#### Task goal:
Transcribe the lines exactly, beginning with the one that contains "Read Book Eater IT Manga Online" and ending with the final line of the records. Do not transcribe pictures.

#### Source data:
----

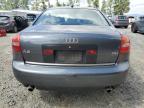 2004 Audi A6 3.0 Quattro for Sale in Arlington, WA - Front End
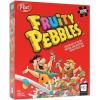 Fruity Pebbles 1000 Piece Jigsaw Puzzle | Collectible Puzzle Featuring Classic Kids Cereal Box with Fred Flintstone and Barney Rubble | Officially-Licensed Post Breakfast Cereal Puzzle & Merchandise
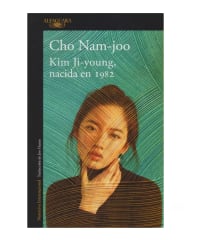 Kim ji Young, Nacida en 1982 (V1)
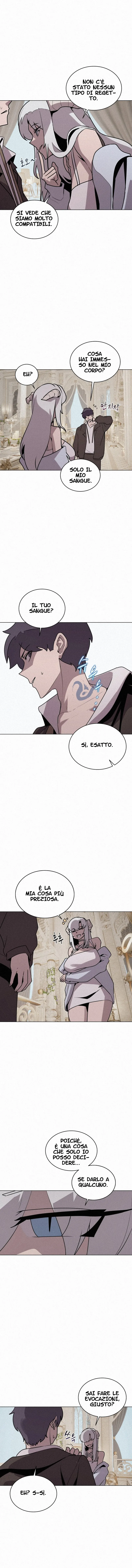 Read Book Eater IT Manga Online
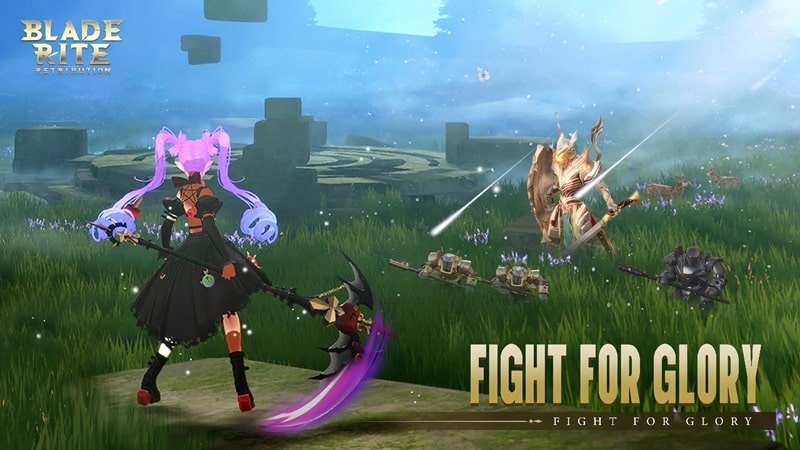 Bladerite APK - screenshot 5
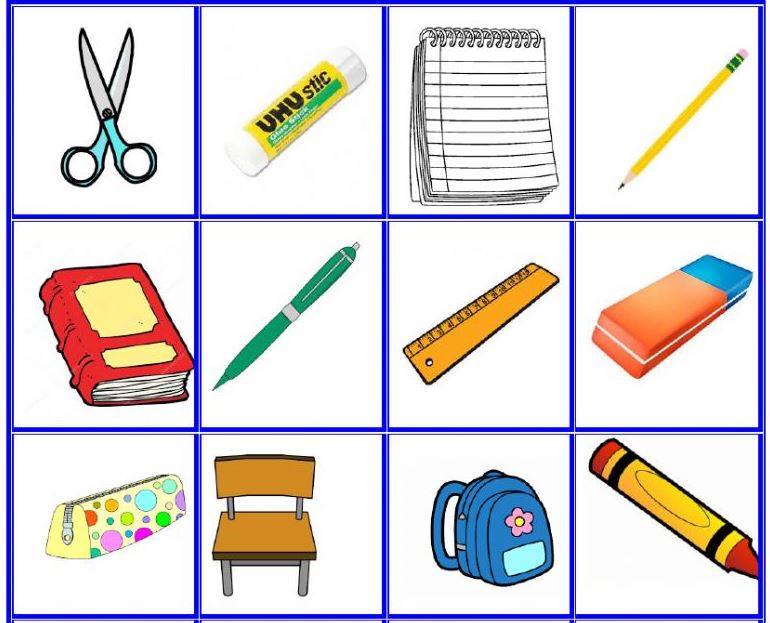 classroom-objects-english-quizizz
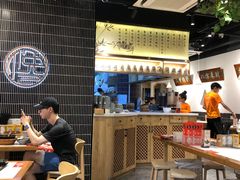 -馋三尺蟹粉小笼(人民广场店)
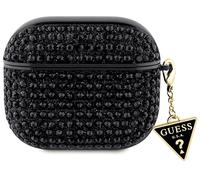 COVER CUSTODIA AIRPODS GUESS 4G Diamond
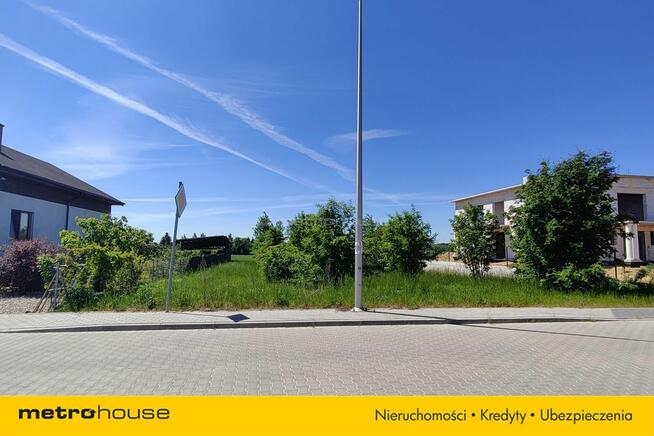 Na sprzedaż działka budowlana 997 m2 w Działdowie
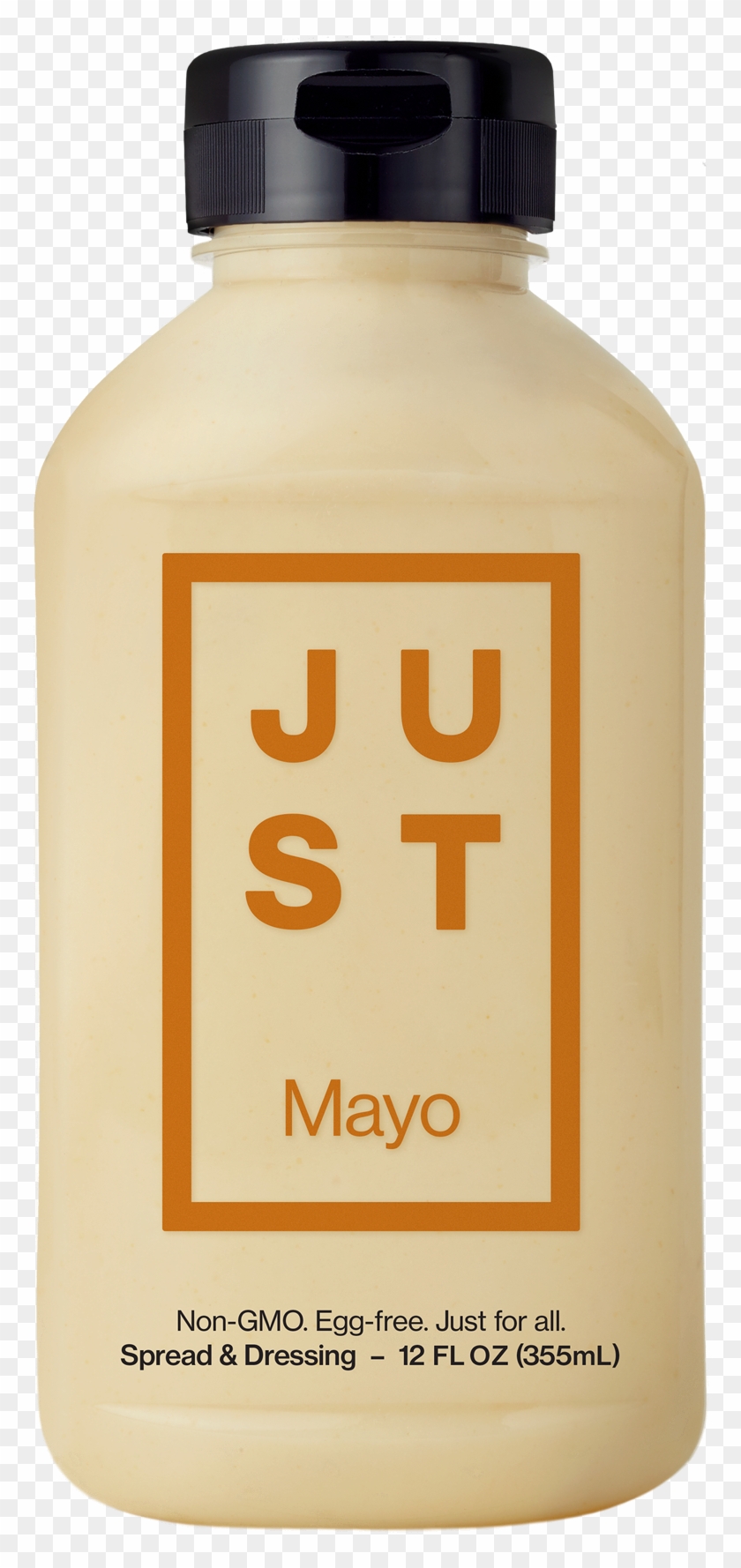 Just Mayo Clipart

----

#### Output of the task:
 Read Book Eater IT Manga Online
 Bladerite APK - screenshot 5
 classroom-objects-english-quizizz
 -馋三尺蟹粉小笼(人民广场店)
 COVER CUSTODIA AIRPODS GUESS 4G Diamond
 Na sprzedaż działka budowlana 997 m2 w Działdowie
 Just Mayo Clipart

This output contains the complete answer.